Carolyn, whose name I did not yet know, was draped in a beautiful red silk gown, with sparkles and furred, fluffy edges. Her smile sparkled twinkled more brightly than the rhinestones adorning her dress. Of course red and silk and sparkly and festive all caught my eye.  But more noticeably, she displayed something that couldn’t be bought then worn, a more from-the-inside-out something. 

 

When a number was called and the winning ticket holder made their way to the table to claim their prize, Carolyn’s smile grew wider, and her joy for them shown in her eyes.  Joy bubbled up rom inside her.  With glee she applauded as the winner was announced, and she seemed truly happy for each person, as though she, herself, had nothing invested in the game.  As though she, herself had won.

 

As though.  Can I live as though my hopes are not placed in outcomes? Can I live trusting that there will be enough for us all, whether you win or I win in that moment?

 

As though the good that happens to you happens to us all?

 

I walk back to the cabin beneath an inky, star-strewn sky, hearing the crunch of snow beneath my booted feet, holding something beneath the surface of me more valuable than any raffle prize.  Gloved hands empty and tucked into my parka's pockets, but heart full, I want for nothing, except for what Carolyn has (and I don’t mean her gorgeous dress, though that would be lovely). 


I breathe deeply the frigid mountain air, and its crispness brings stark clarity to my thoughts.
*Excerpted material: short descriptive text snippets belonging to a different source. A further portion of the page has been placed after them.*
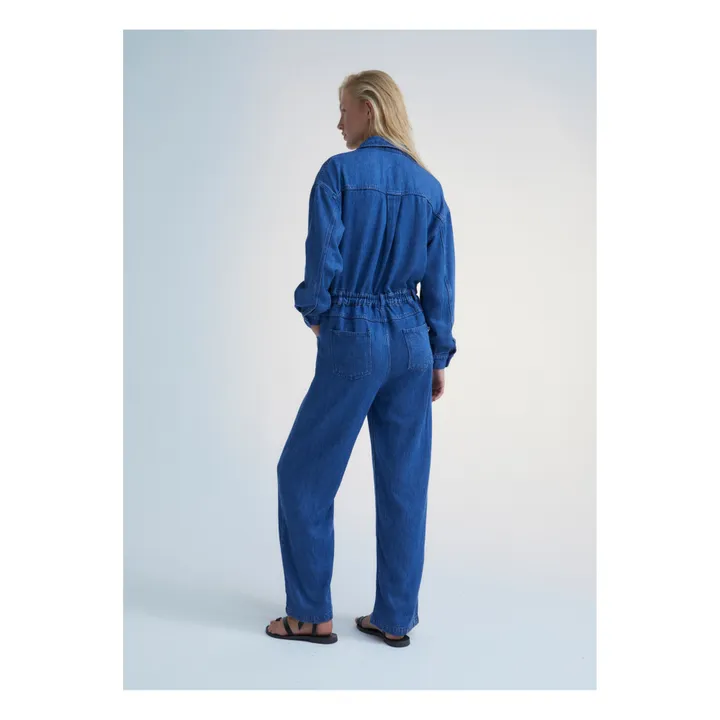 the new society Combinaison Jean Woodland - Collection Femme | Bleu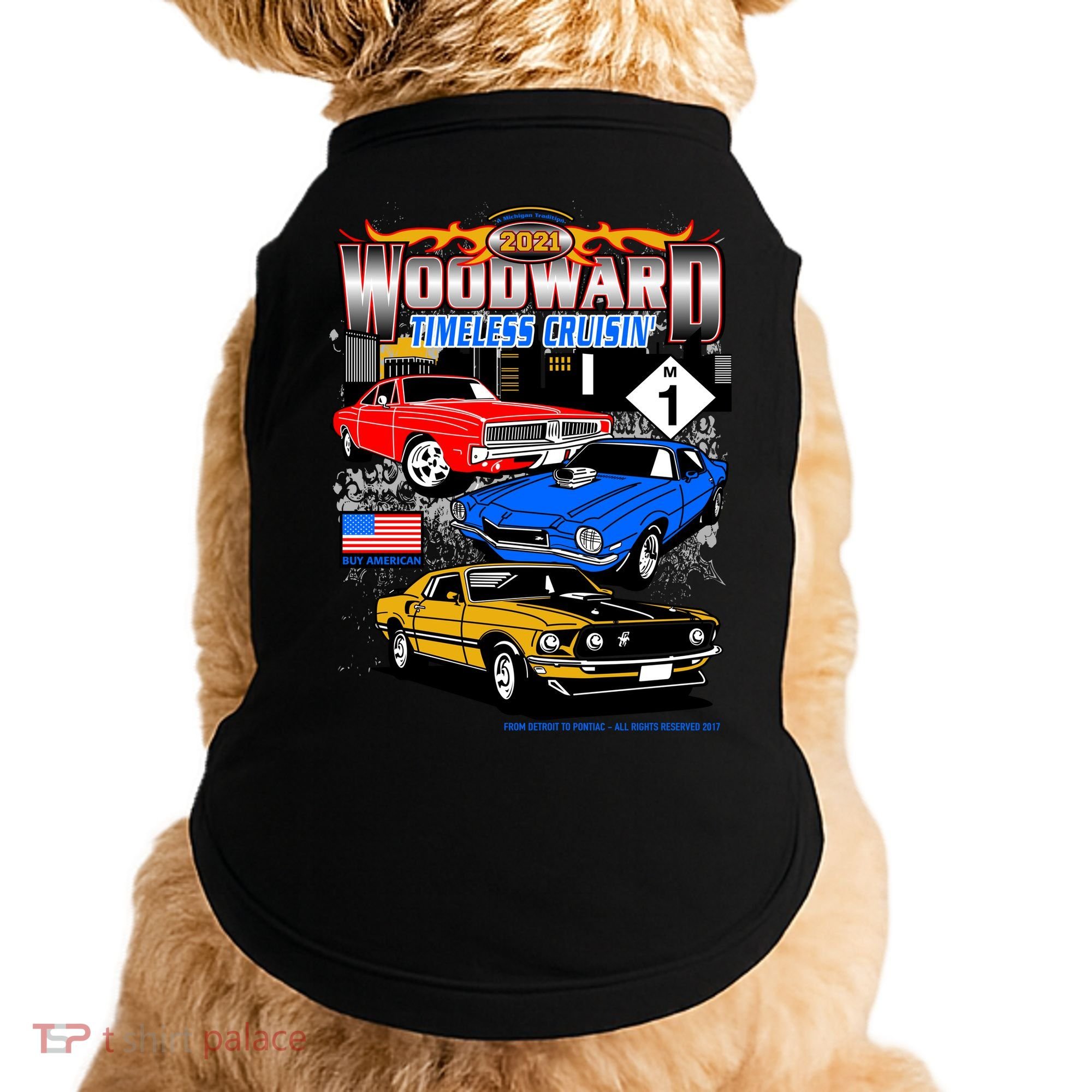 2021 Woodward Timeless Muscle Doggie Tank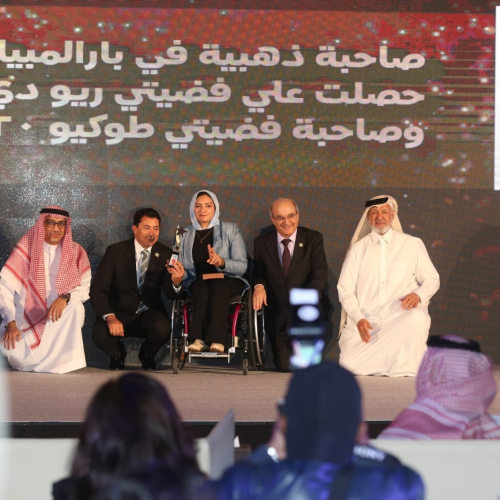 بالصور.. وزير الشباب والرياضة يشهد فعاليات المؤتمر السنوي الخامس للثقافة الرياضية العربية بالدوحة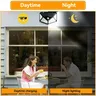 1/2/4/6 pièces 100 mur LED lumières lampe solaire… – vue 5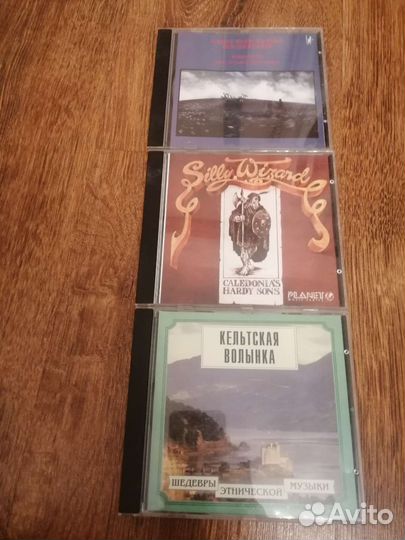 Cd диски инструментал, русский рок и др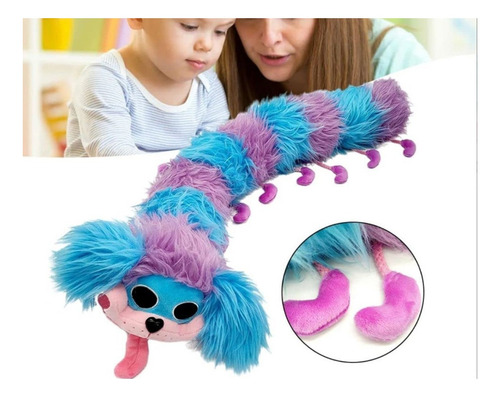 Imagen 7 de 9 de Juego De Peluche (pj Pug-a-pillar 60 Cm) Poppy Playtime Game
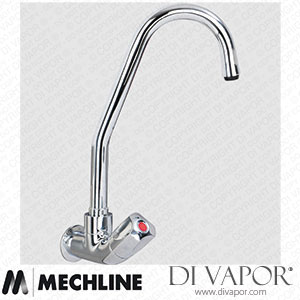 Mechline AquaTechnix TX-W-15SG6D Dome Head Operated Tap TX-W-15 Base with 150mm Swivel Gooseneck Spout Spare Parts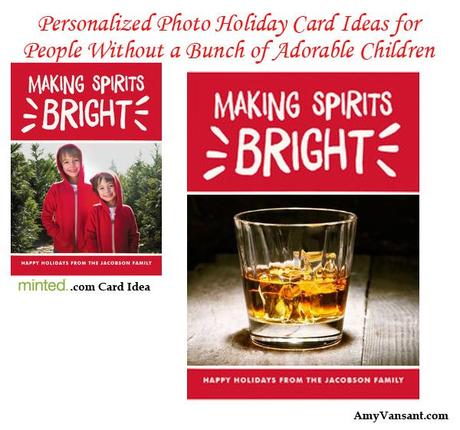 Personalized Photo Holiday Card Ideas for People Without a Bunch of Adorable Children spirits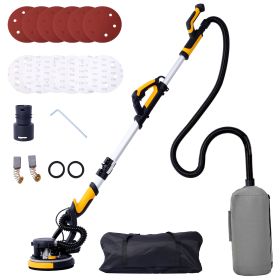 Drywall Sander, 780W Electric Drywall Sander with Vacuum Dust Collection 6.5A Motor Dustless Floor Sander with Variable Speed 900-1800RPM, LED Light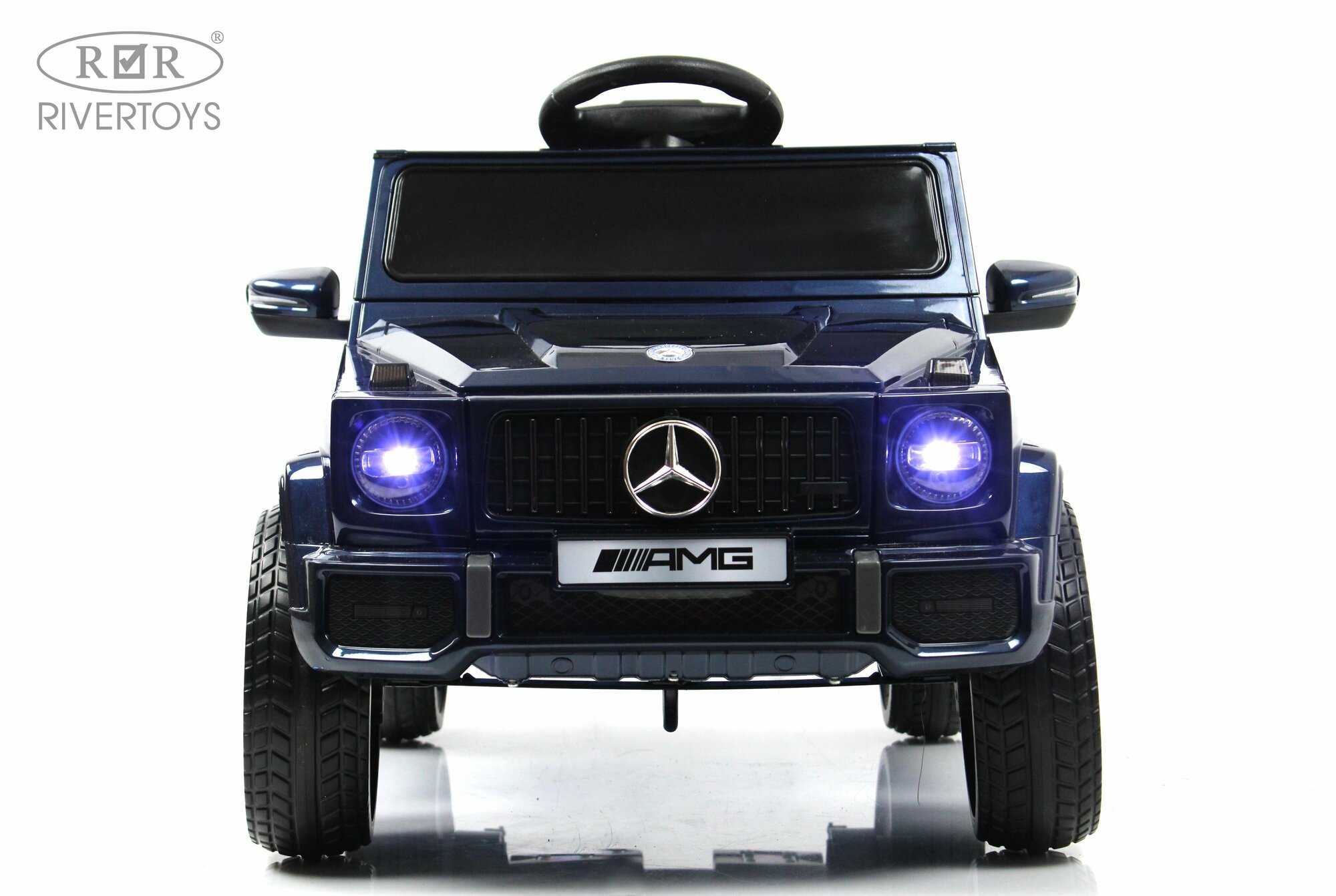 RiverToys Детский электромобиль Mercedes-AMG G63 (G222GG) синий глянец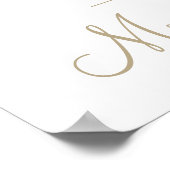 Poster Mariage fleurie d'hiver conseil et signe de voeux (Coin)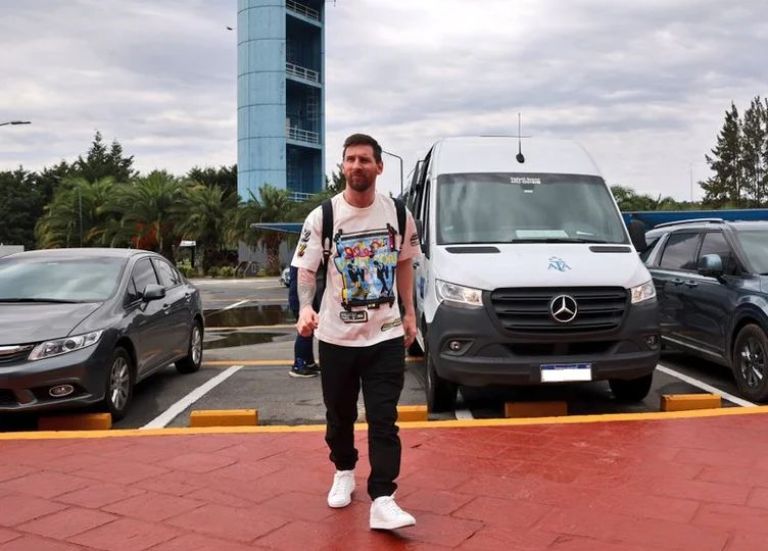 Locura total por la visita de Messi a una parrilla de Palermo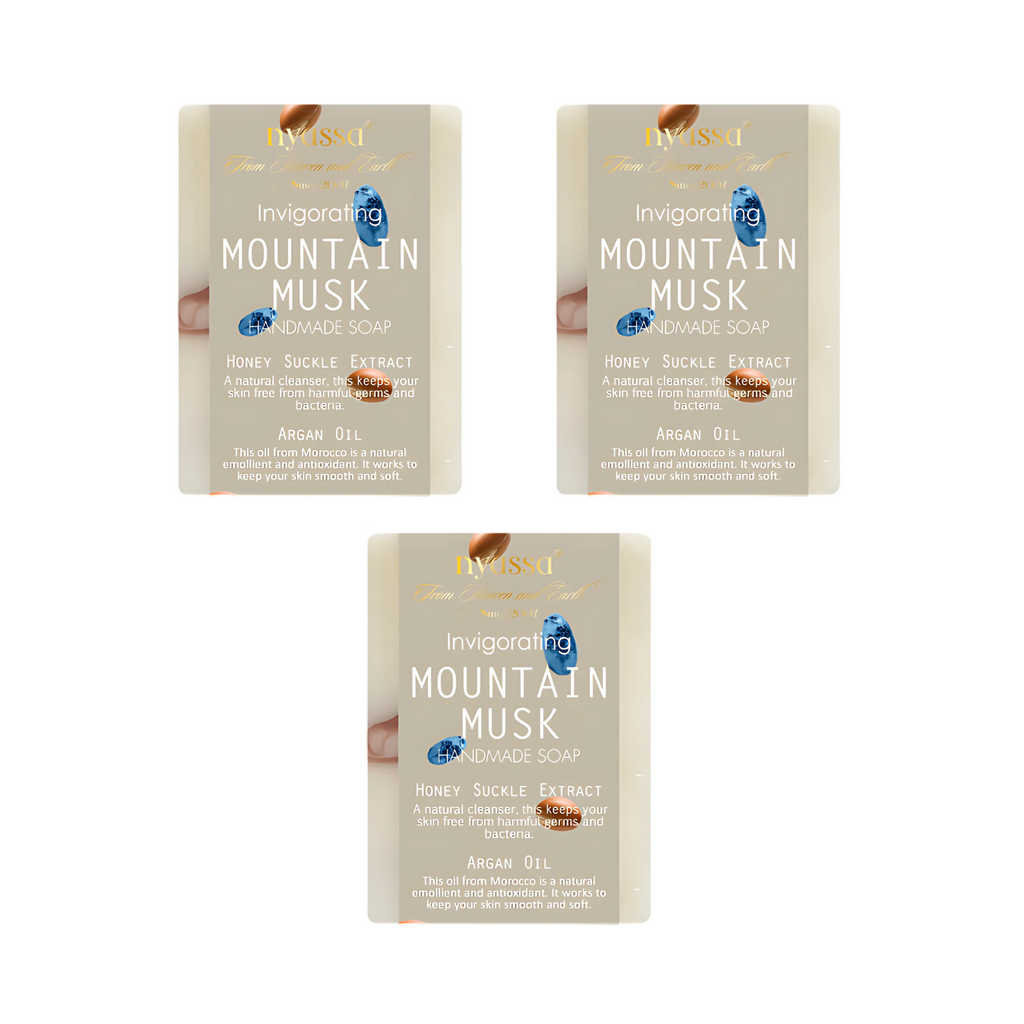 Luxurious Mountain Musk Handmade Natural Bathing Soap 75Gm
Maybe I already have that kind of joy!


I found joy 

in seeing Carolyn’s joy 

in seeing others’ joy 

as they won their prizes!


If joy is indeed contagious (and I am increasingly believing this to be the case), I want to keep noticing it, catching it, and, best of all, spreading it. I want to have and share the kind of joy that seeps into your being, that causes others to notice, a joy that haunts you -- in the very best way.


 

 

 

Tuesday, March 14, 2023

I'm So Glad I Was Wrong

I thought it was alone. Each morning while I sat on the couch in our room at a mountain resort my husband and I rented, I gazed through the window at a ski chair. It hung alone facing downslope, suspended between seasons. No snow would arrive for a couple of months, and the summer mountain bikers and view seekers had all gone home.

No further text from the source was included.